Del encierro a las calles. Ese es, según Nati, su recuerdo del paraíso.
En esos tiempos en los que Nati juntaba cartones, Pity tuvo una hija más, de modo que llegó a los 19 años con dos criaturas (a la que se sumaría un tercer niño a los 25 años). La tasa de natalidad de Pity es comparativamente baja: en Ciudad Oculta, como en todas las zonas pobre del país, las niñas empiezan a parir a los doce años. De ahí que Nati, con 19 años y ningún hijo, sea vista como un fenómeno social. En su propia familia, incluso, le insisten para que quede encinta. Pero ella se niega. Antes de tener hijos, dice, quiere tener un futuro, un trabajo.
- Yo sí –dice Nati- yo sí quiero tener un plan.

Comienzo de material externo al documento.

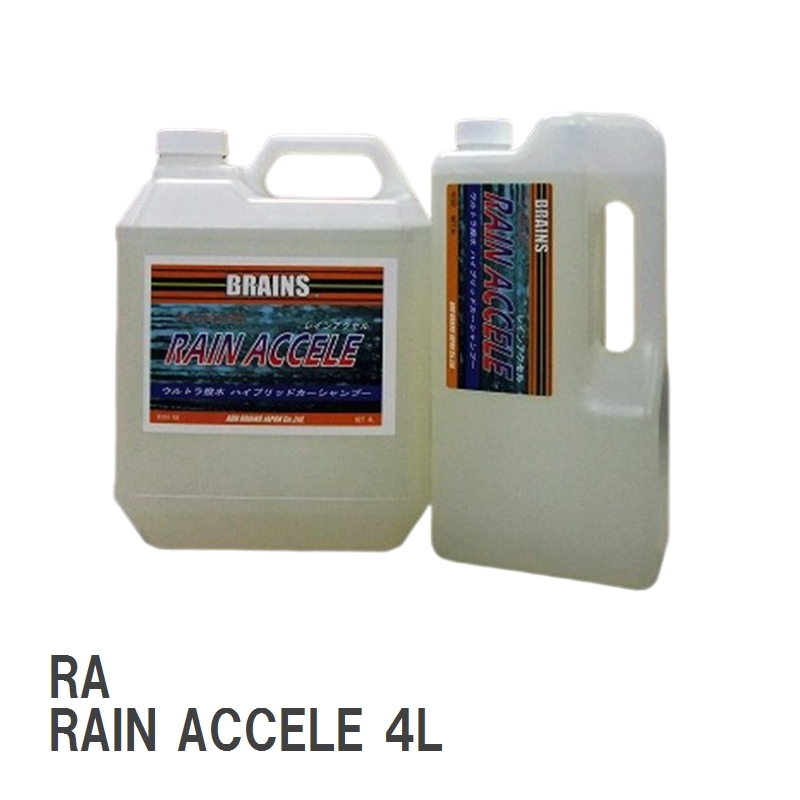 【BRAINS/ブレインズ】 100倍希釈OK超撥水濃縮カーシャンプー RA RAIN ACCELE レインアクセル 4L拍卖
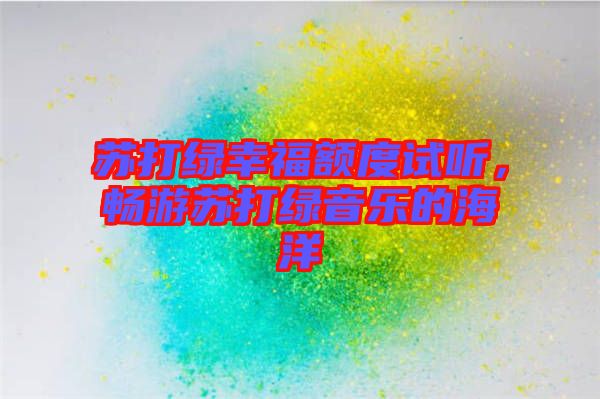 蘇打綠幸福額度試聽，暢游蘇打綠音樂的海洋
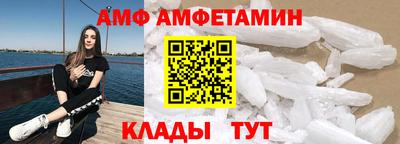 мдма Лесной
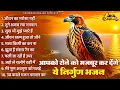 Download Lagu आपको रोने को मजबूर कर देंगे ये निर्गुण भजन| Nirgun Bhajan |  निर्गुण भजन | Latest Nirgun Bhajan 2025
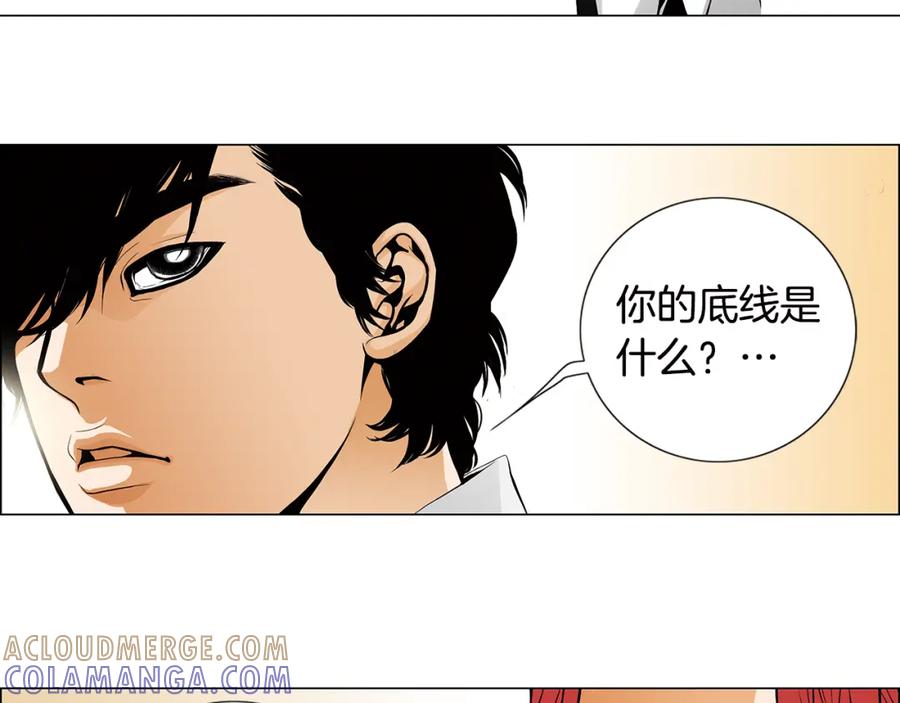 猫一样的男人 第24话 你回你家吧 第49页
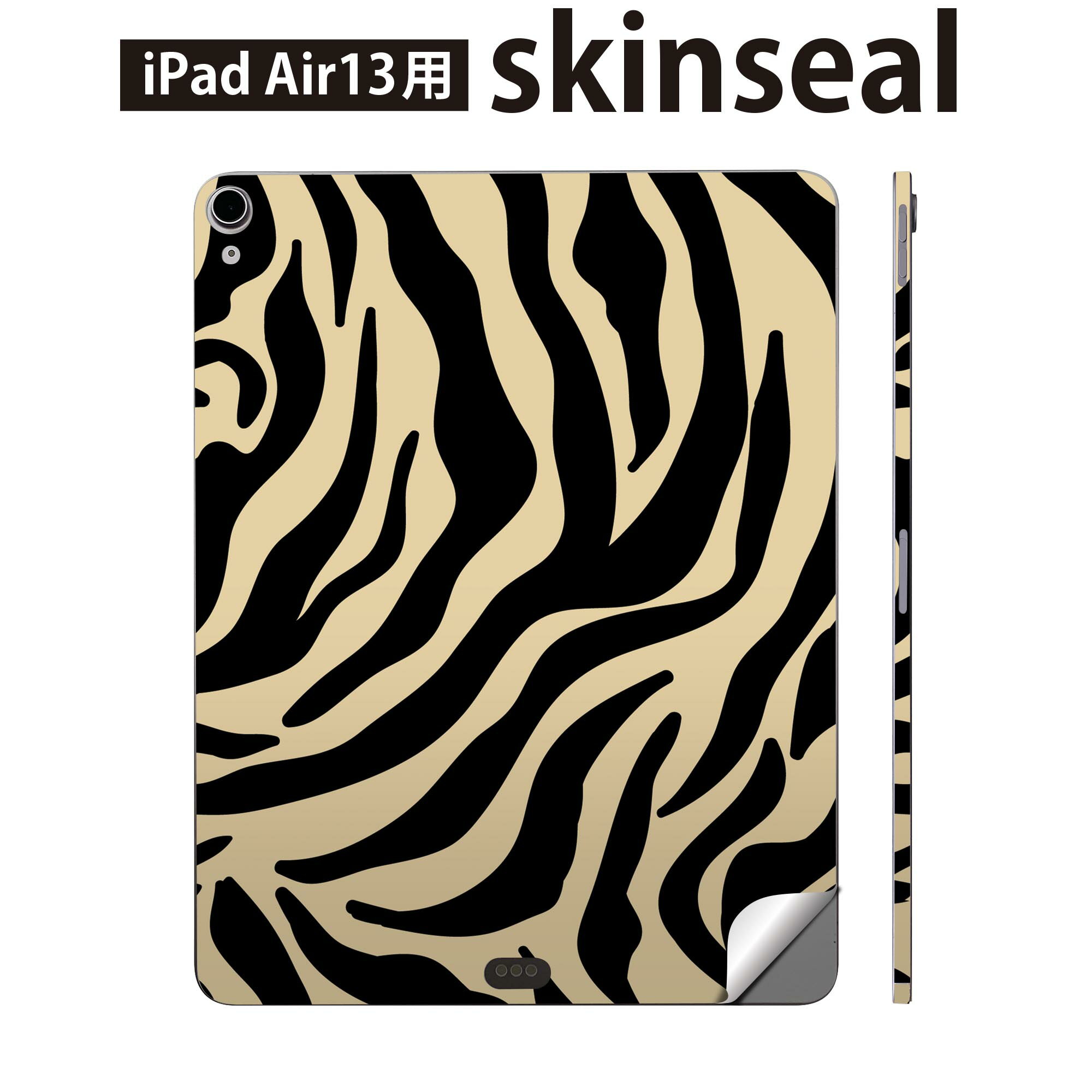 商品特徴・貼るだけでおしゃれに簡単着せ替え、iPadair 13 全面デザインスキンシール！・高精細プリントで写真と遜色がない仕上がり！・ちょっとしたすり傷から端末を保護！・「裸で持つ派」の人にはもちろん、お手持ちのクリアケース付けてもOK！・エアフリー素材で気泡の心配も軽減！・貼り直しOK！位置調整も安心！注意事項画像はサンプルです。ご覧の環境によっては多少色味に違いを感じる場合がございます。 イメージと違った、モニターと色味が異なるという理由での交換や返金はご対応出来かねます。端末本体やクリアケースは付属しません。貼付時のずれやカメラ周りの凹凸を考慮してカメラ穴等は少し大きめにカットしています。貼付の際はカメラ穴を基準に位置を合わせてください。カメラ付近の何もないように見える場所に穴が開いていますが、こちらは近接・明るさ感知センサー用の穴です。端末本体に直接貼ることを想定しています。保護フィルムなどの上から貼ると上手く貼れない可能性があります初回貼付時の位置調整や貼り直しは可能ですが、しっかり接着させた後の貼り直しは保証しておりません。こちらは無地のシートにプリントした商品で、デコなどの加工はございません。 凹凸や光沢があるように見えたり布地や金属を素材にしたように見える商品もありますが、図版によるものです。印刷カメラ穴の位置にわずかなズレが生じる場合がございます。ご注文後に1点1点制作する受注生産品のため、不良品以外のご返品や交換は固くお断り致します。 機種間違いも保証対象外となりますため、ご注文の際は必ず機種をご確認下さい。発送について完全受注生産のハンドメイド商品となりますので、既製品と比べて発送までお時間を頂いています。 基本的に決済確認後、2?3営業日、最大で10営業日での発送となります。繁忙期や休業日明けの場合はさらに時間がかかる場合があります。 その際には別途メールにてご連絡致します。メール便の場合、発送日から到着までに2?4日ほどかかる場合が多く、紛失などの保障もご対応できかねます。あらかじめご了承下さい。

En Ciudad Oculta, como en todas las zonas pobres del país, la tasa de natalidad es alta y temprana. Las chicas empiezan a parir a los doce años, y llegan a los veinte con una prole abundante. Pity, la madre de Nati –en esta foto- quiere que su hija ya quede encinta. © Carolina Camps

Juan tiene veinte hermanos y muchos de ellos conviven con Nati. La relación hasta el momento es buena, pero a veces se acercan pandilleros para ajustar cuentas con alguno de ellos. © Carolina Camps

En la casa de Pity, su madre, adonde Nati va diariamente para pasar su tiempo. © Carolina Camps

VI
Es sábado a la mañana y Nati hace su limpieza, mientras “el gordo Luis” –su cumbiero favorito- canta desde la pantalla del televisor. El orden y la limpieza son categorías insondables en este tipo de hogares. La basura –como el verbo “elegir”- es un concepto burgués, y eso significa que hay casos donde todo –esto es: todo- reúne condiciones suficientes para no ser descartado. Nati, sin embargo –y sin saberlo- lucha contra esta lógica: quitó trastos y basura de su casa, y hasta sacó la caja de herramientas de Juan, porque lucía desprolija.
Ahora, sobre el mantel blanco de la mesa, en el cuarto recién aseado, sólo queda el revólver. La luz de la mañana rebota en el metal y llena el cuarto de una chispa pesada. Un par de metros más allá, arrumbados en un rincón, hay una bolsa de juguetes nuevos, comprados en el conurbano bonaerense. A Nati se le da bien la reventa, tanto que en Ph15 suelen bromear al respecto. Dicen que es imposible pasar media hora con Nati sin haberle comprado nada.
En un futuro, Nati se imagina fabricando y vendiendo zapatillas. O juguetes. O cortando el cabello en su propia peluquería. O vendiendo productos de librería (hay pocas en la villa). O sacando fotos.
En este último caso, debería perfeccionarse. Aprender, por ejemplo, a hablar mejor.
- En el PH dicen que tengo que aprender a explicar bien las cosas –reconoce-. Porque yo a veces, cuando vamos al interior, tengo que explicar lo de la estenopeica y yo soy muy mal hablada. No me salen las palabras. En el PH me preguntaron si quiero ser docente de estenopeica y yo dije que sí y me dijeron que cuando pueda, sería muy importante que yo termine el secundario. Además, yo quiero aprender a hablar inglés.
Una inolvidable mañana de sábado, recuerda Nati, fue al Centro Cultural “Conviven” una delegación norteamericana que incluía a Anthony Wayne, Embajador de Estados Unidos en Argentina. El hombre fue muy amable y los invitó a todos a sacar fotos a la Embajada, pero el problema no fue ése –todo lo contrario- sino que Wayne no les hablaba español.
- Nos hablaba como si entendiéramos. Y yo lo único que entendí era “hello”. Por eso, más me vale aprender a hablar.
Después, cuenta Nati, apareció una traductora. Y, con esa ayuda, Wayne le pidió a Nati que le mostrara sus fotos. Ella le hizo caso. Mostró una pileta de lona en el medio de la calle; una familia en blanco y negro; niños golpeados; siestas calientes; y una tirante mansedumbre en cada esquina. Ante cada imagen, Wayne decía “oh”.
- Oh, oh –recuerda Nati y se ríe-. Y también me decía “Nataly, Nataly, oh Nataly”. Hasta que yo me cansé y le dije “Nataly no. Me llamo Natalia. Natalia Ferreyra. N-a-t-a-l-i-a”.
Nati repite su nombre en voz alta: lo dice todo junto, letra por letra, y de todas las otras maneras posibles. Como si las formas fueran muchas, y como si todas entraran acá: en Nati.
En Nati y su quieta, luminosa sonrisa.